Tuesday, May 02, 2006

Let Go

Three weeks ago, I’d had enough of banging my head against my computer’s keypad. My forehead was tattered, and hangnails were in full bloom from gnawing.

Y’see, the thread I’d been trying to shoehorn into my current wip wouldn’t fit. I’d re-word action sequence this, and I’d massaged character that, just to get the bloody thing to work. Because this idea was really, really cool. If I could figure out how to make it a go, it’d be awesome.

Four months--an entire season--later, it still wasn't working. Reluctantly, with a gentle sob into my pillow deep in the night, I realized I couldn’t make it a go. Instead I had to let it go.

I resisted, though. I spent another month of fiddling. How can you kill your children? Chucking a juicy thread went against my instinct as a writer, especially since I’d spent so long tinkering with it. I'd invested months and page counts and a whole plot arc into it.

Here’s the thing, though. As soon as I tearfully bid the thread goodbye, the clouds parted. Literally. The birds sang, my fingers flew over the keyboard, I was free, FREE. The plot unfolded like a petal.
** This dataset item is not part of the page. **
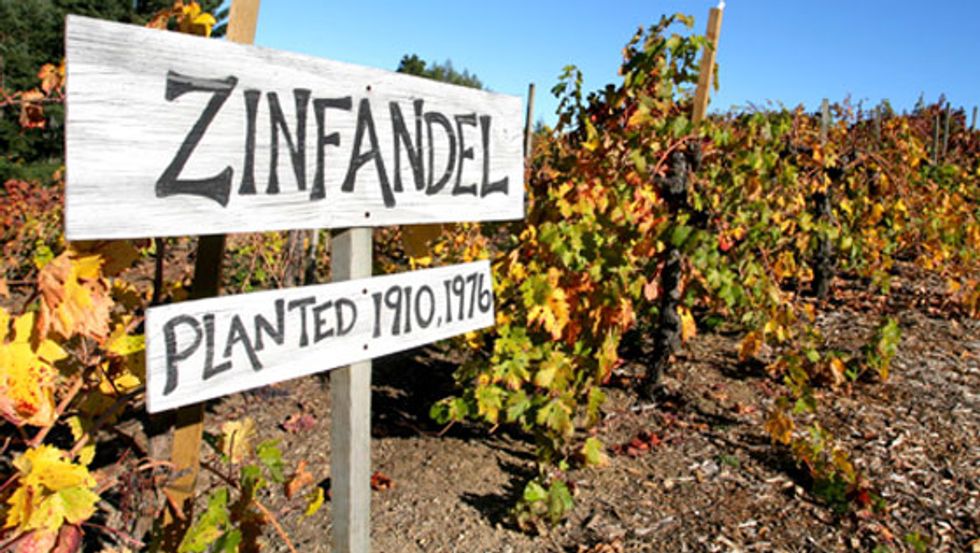 Are Zinfandel and Primitivo the Same Wine?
I wonder now if I had junked the thread after, say, only six weeks of tinkering, I would be less resistant to sending it into the crapper. But I cut myself some slack. Writers have play with stuff to see if it works, audition characters, explore their crazy ideas to see if they might actually hang together. It's the only way to push the boundaries, move away from the stereotypes. And sometimes they have to be wise enough to say "enough."

Are you having trouble with a plot thread, a character? Maybe even the entire MS?
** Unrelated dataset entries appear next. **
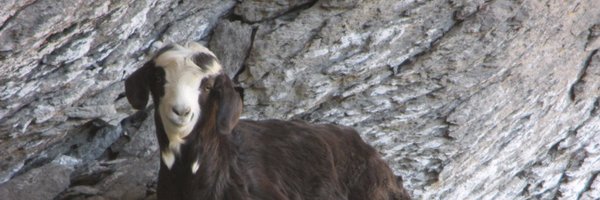 MarkusWagnerAT Profile Banner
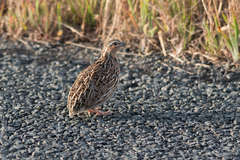 Coturnix pectoralis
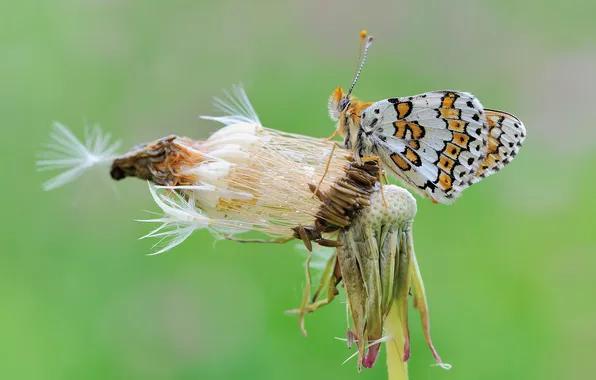 Dandelion, butterfly, insect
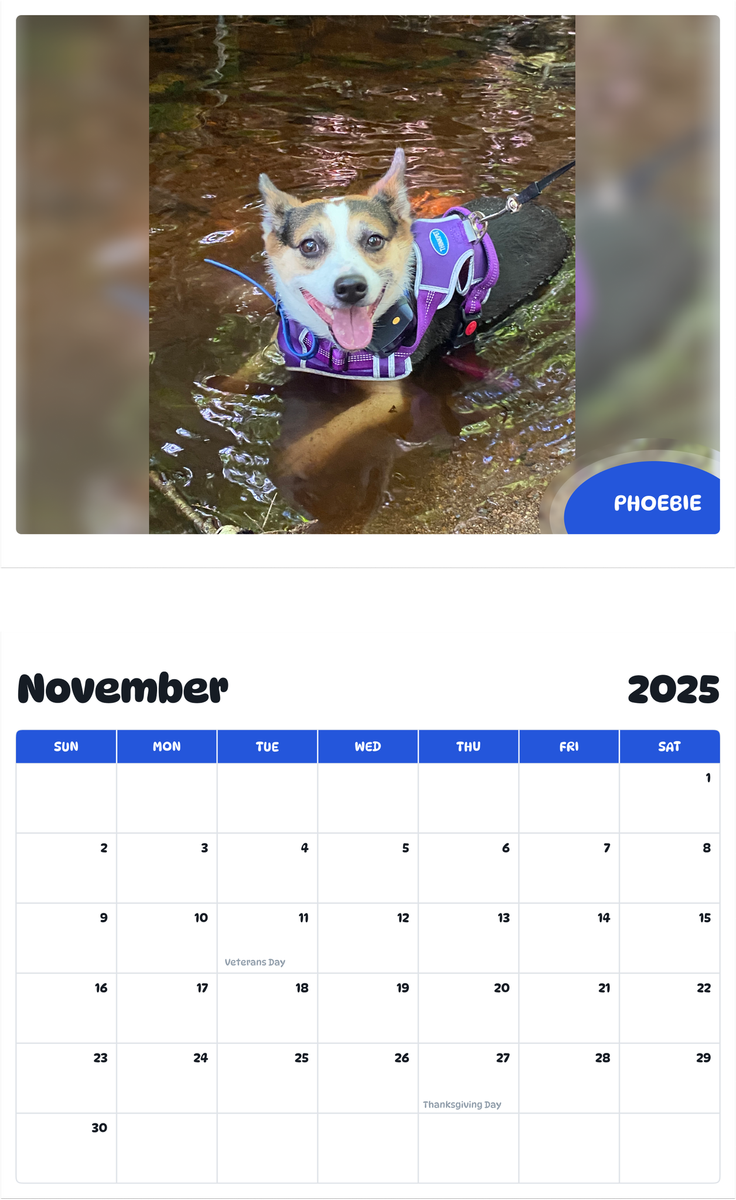 July 2025 - June 2026 Phoebie - Pawidols Pet Calendar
Consider letting go. Once the anvil’s gone, you might be free to soar.

3 Comments:

Blogger Eileen said...

Once I ended up chucking 50k words and taking off on a new direction. It was the right thing to do- but it felt like gnawing off my own leg to get free of the trap.

9:26 PM  
Blogger Kathleen Bolton said...

Hi Jack,
I know Bugger is a PITA about comments but we were getting spammed. One of these days we'll move on to a freer system. "Letting Go" of Blogger if you will...

2:37 PM  
Blogger Elena Greene said...

Kudos for having the strength to make the change, Kathleen!

Jackslyde, I agree no writing is ever wasted. I figure failed scenes, wrong plot turns, etc..., are like the falls figure skaters take in practice. What counts is nailing it in the end, and you can't do that without the falls. Or if anyone has, I'm not sure I want to hear about it!